**WHAT TO WORK ON:** Only these lines should appear, exactly: the one containing "Playgo Playgo Infant&Toddler" and every line after it through the end of the material below.

**GIVEN DATA:**
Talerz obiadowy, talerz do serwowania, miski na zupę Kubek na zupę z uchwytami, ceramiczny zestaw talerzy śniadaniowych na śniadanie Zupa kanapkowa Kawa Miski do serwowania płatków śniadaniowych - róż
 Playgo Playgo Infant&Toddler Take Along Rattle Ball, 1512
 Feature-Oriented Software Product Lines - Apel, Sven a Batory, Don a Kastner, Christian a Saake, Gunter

**SOLUTION:**
 Playgo Playgo Infant&Toddler Take Along Rattle Ball, 1512
 Feature-Oriented Software Product Lines - Apel, Sven a Batory, Don a Kastner, Christian a Saake, Gunter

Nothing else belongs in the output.